Saved entries

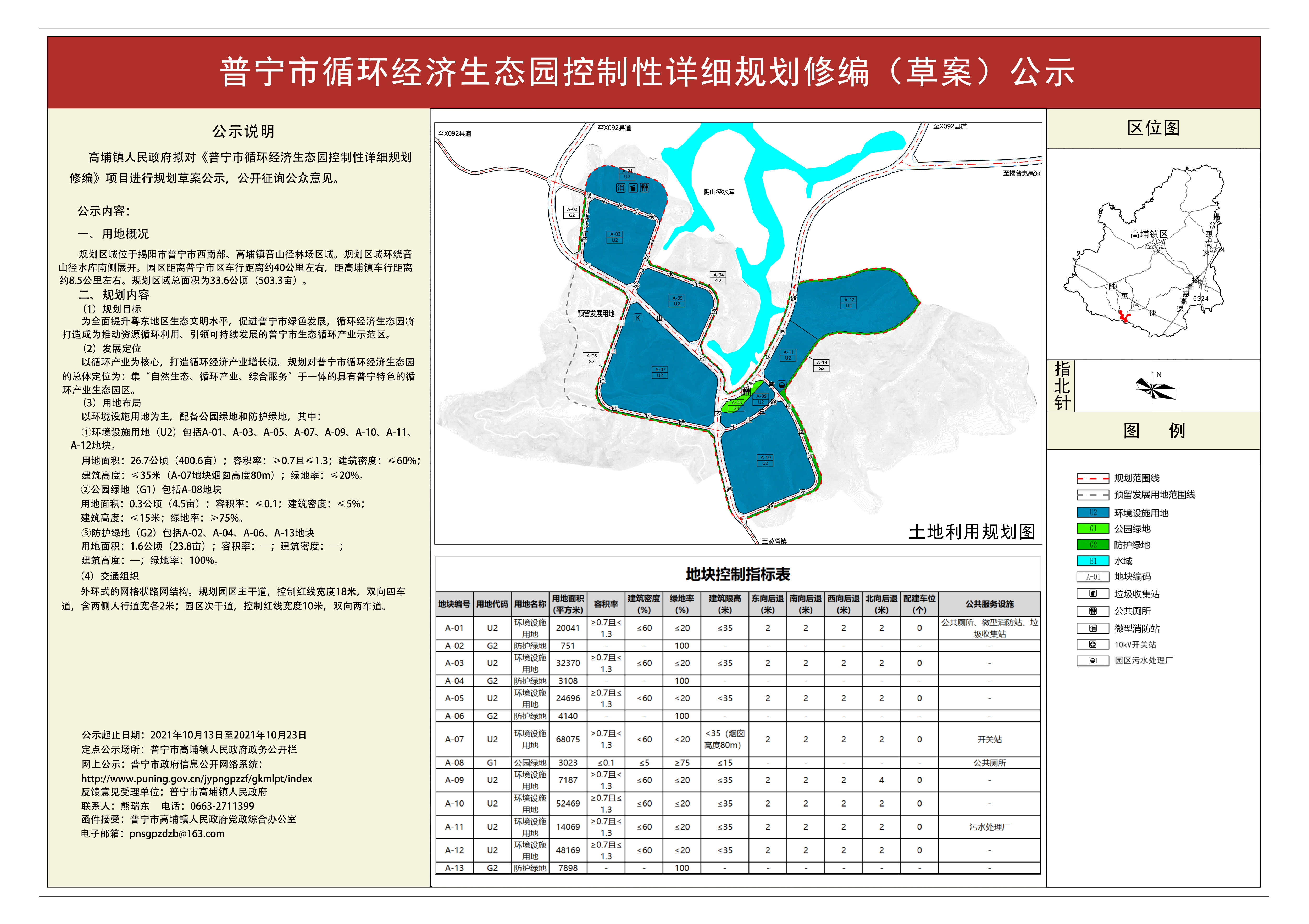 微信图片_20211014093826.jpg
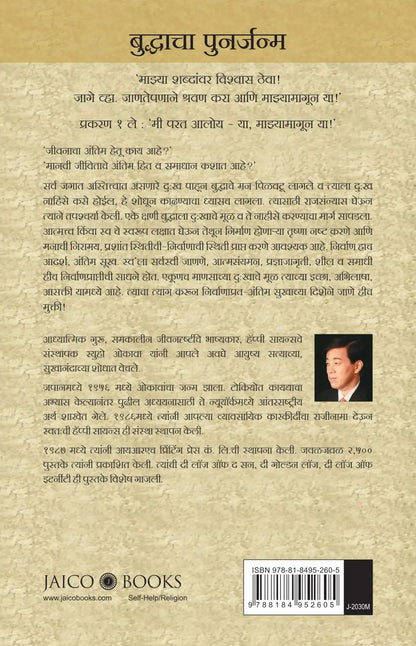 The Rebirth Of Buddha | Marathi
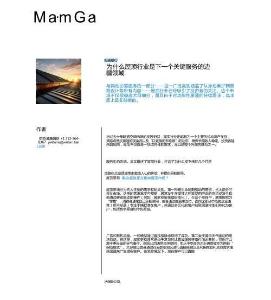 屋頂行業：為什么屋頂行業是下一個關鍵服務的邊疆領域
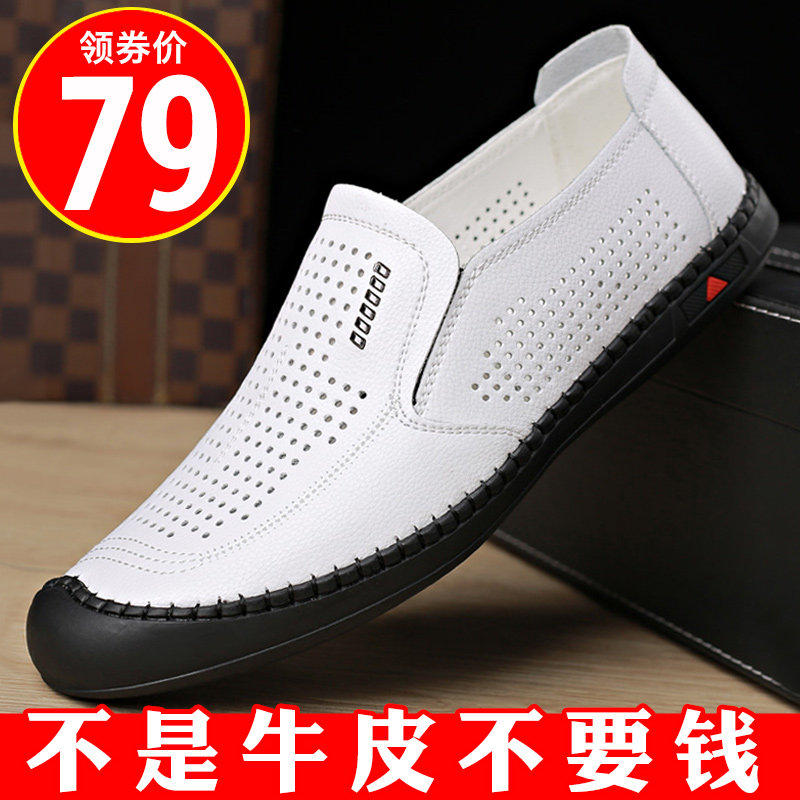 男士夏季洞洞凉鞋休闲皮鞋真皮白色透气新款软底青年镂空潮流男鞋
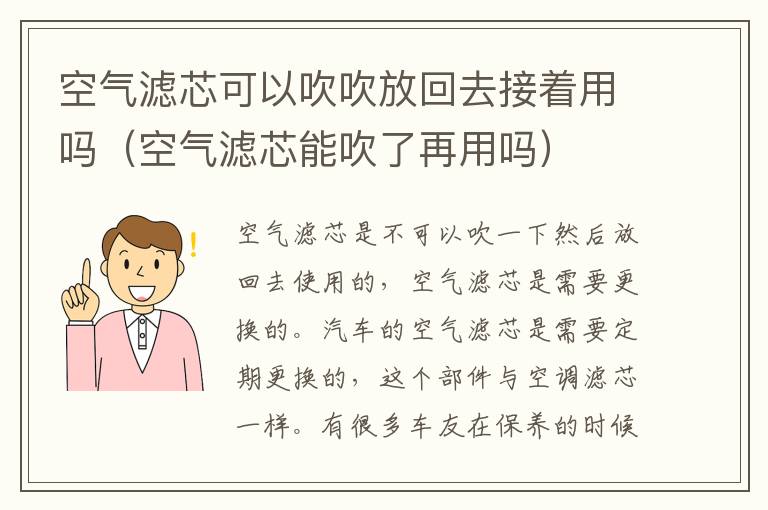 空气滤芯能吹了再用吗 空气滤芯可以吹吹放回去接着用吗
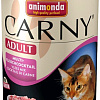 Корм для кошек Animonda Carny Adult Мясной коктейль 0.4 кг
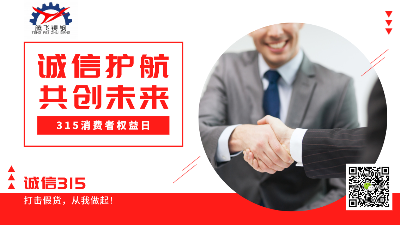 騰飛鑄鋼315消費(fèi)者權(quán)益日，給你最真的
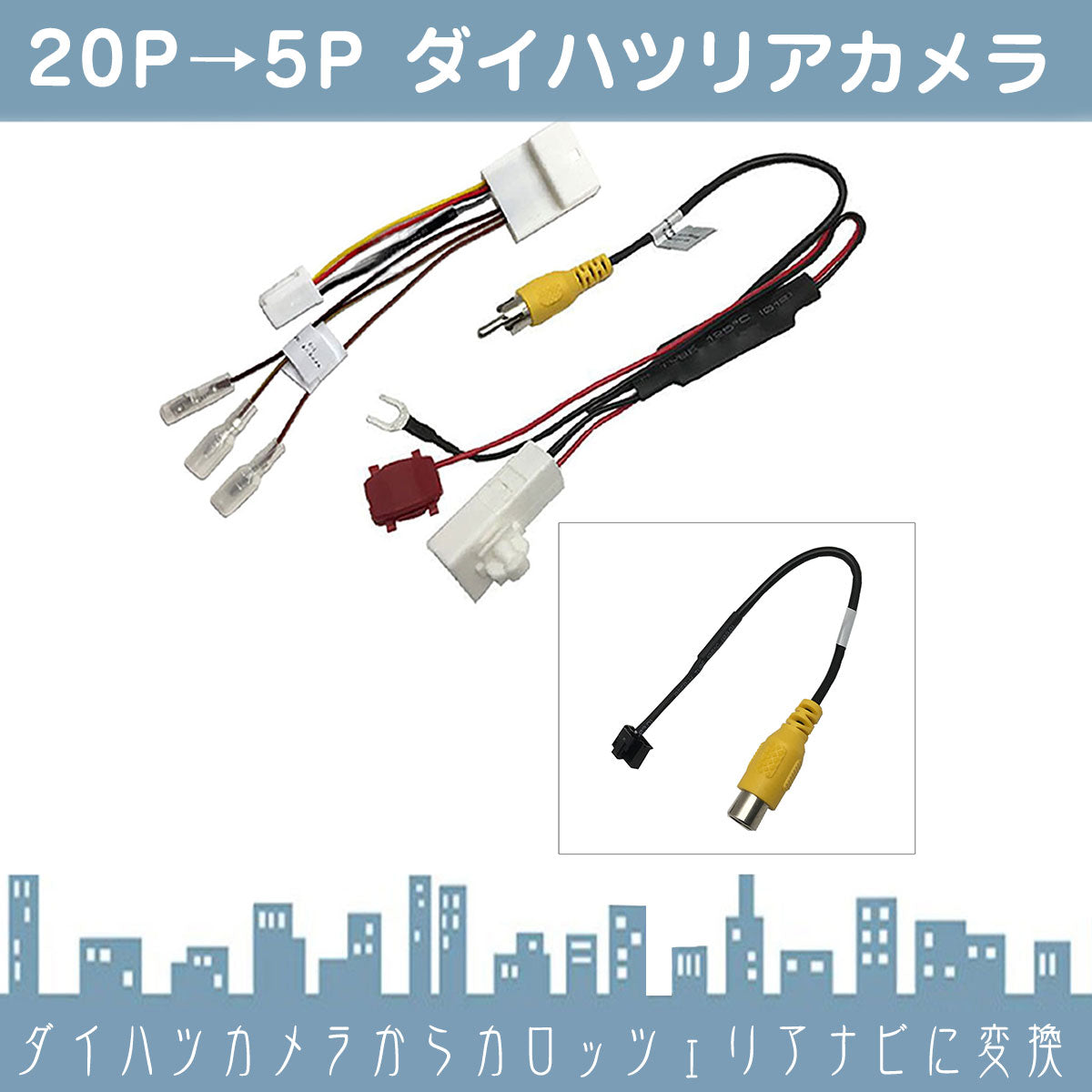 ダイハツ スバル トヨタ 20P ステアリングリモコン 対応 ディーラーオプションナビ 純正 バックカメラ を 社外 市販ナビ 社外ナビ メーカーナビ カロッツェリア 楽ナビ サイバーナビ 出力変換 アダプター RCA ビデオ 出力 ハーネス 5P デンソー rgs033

▶ Work item: Skipping every picture, reproduce the records word for word.

▶ Result for this task:
 微信图片_20211014093826.jpg
 The Rebirth Of Buddha | Marathi
 屋頂行業：為什么屋頂行業是下一個關鍵服務的邊疆領域
 男士夏季洞洞凉鞋休闲皮鞋真皮白色透气新款软底青年镂空潮流男鞋
 空气滤芯能吹了再用吗 空气滤芯可以吹吹放回去接着用吗
 Корм для кошек Animonda Carny Adult Мясной коктейль 0.4 кг
 騰飛鑄鋼315消費(fèi)者權(quán)益日，給你最真的
 ダイハツ スバル トヨタ 20P ステアリングリモコン 対応 ディーラーオプションナビ 純正 バックカメラ を 社外 市販ナビ 社外ナビ メーカーナビ カロッツェリア 楽ナビ サイバーナビ 出力変換 アダプター RCA ビデオ 出力 ハーネス 5P デンソー rgs033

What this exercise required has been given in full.